DATA SHOWN START
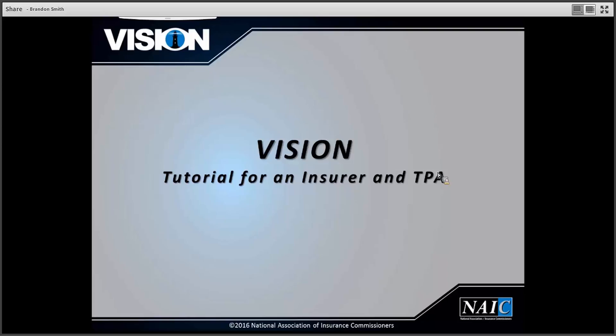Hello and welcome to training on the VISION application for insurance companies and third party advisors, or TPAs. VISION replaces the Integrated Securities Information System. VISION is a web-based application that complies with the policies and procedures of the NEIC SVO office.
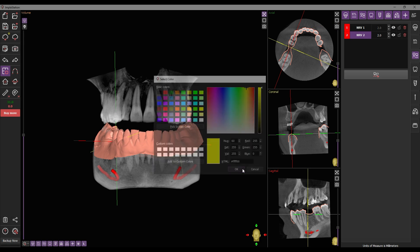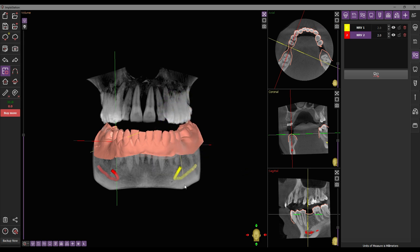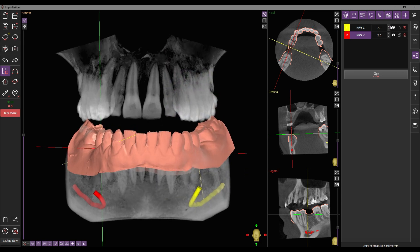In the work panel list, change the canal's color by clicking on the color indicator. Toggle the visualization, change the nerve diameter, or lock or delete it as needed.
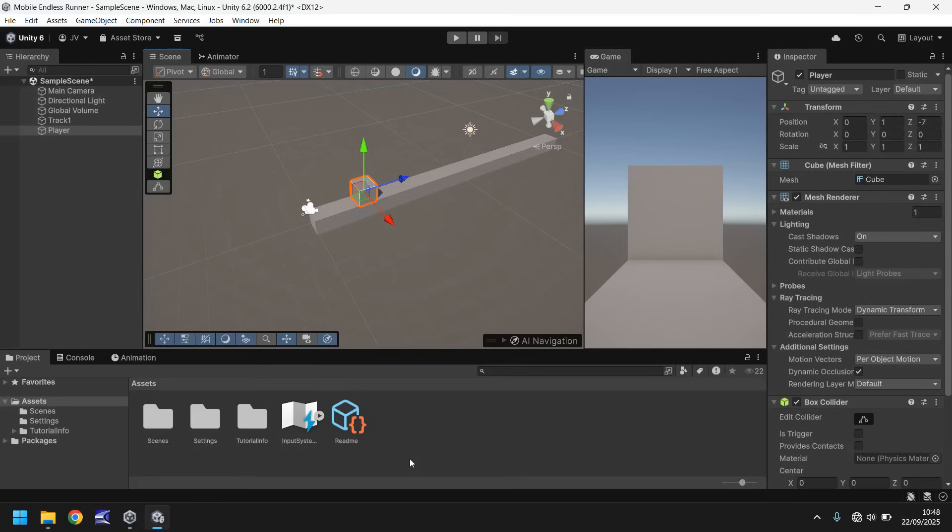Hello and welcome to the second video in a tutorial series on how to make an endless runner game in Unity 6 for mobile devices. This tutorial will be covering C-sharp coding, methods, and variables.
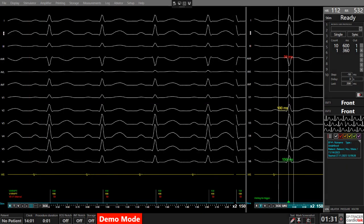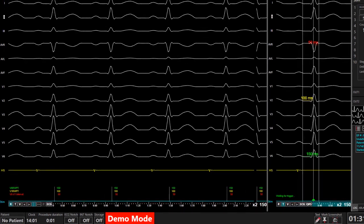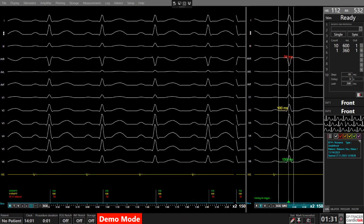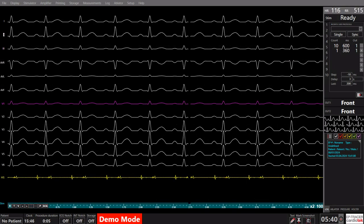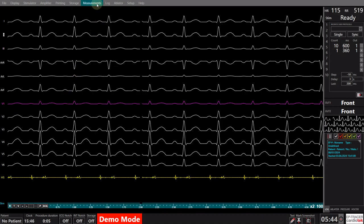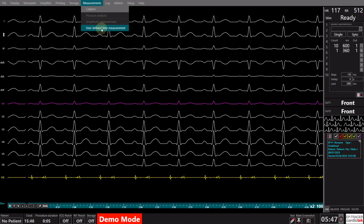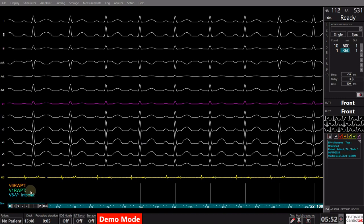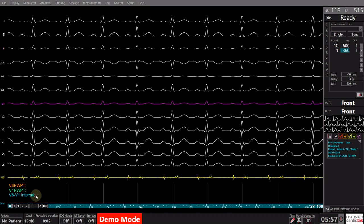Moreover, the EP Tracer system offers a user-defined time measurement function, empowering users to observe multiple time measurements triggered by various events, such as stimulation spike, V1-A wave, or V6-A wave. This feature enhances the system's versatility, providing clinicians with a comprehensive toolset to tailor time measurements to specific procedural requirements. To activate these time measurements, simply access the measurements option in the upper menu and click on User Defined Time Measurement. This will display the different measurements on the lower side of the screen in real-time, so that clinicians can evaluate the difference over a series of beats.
DATA SHOWN END
* YOUR TASK *
The material is to be written out word for word, and the pictures are to be left out.

* RESULT *
Hello and welcome to training on the VISION application for insurance companies and third party advisors, or TPAs. VISION replaces the Integrated Securities Information System. VISION is a web-based application that complies with the policies and procedures of the NEIC SVO office.
In the work panel list, change the canal's color by clicking on the color indicator. Toggle the visualization, change the nerve diameter, or lock or delete it as needed.
Hello and welcome to the second video in a tutorial series on how to make an endless runner game in Unity 6 for mobile devices. This tutorial will be covering C-sharp coding, methods, and variables.
Moreover, the EP Tracer system offers a user-defined time measurement function, empowering users to observe multiple time measurements triggered by various events, such as stimulation spike, V1-A wave, or V6-A wave. This feature enhances the system's versatility, providing clinicians with a comprehensive toolset to tailor time measurements to specific procedural requirements. To activate these time measurements, simply access the measurements option in the upper menu and click on User Defined Time Measurement. This will display the different measurements on the lower side of the screen in real-time, so that clinicians can evaluate the difference over a series of beats.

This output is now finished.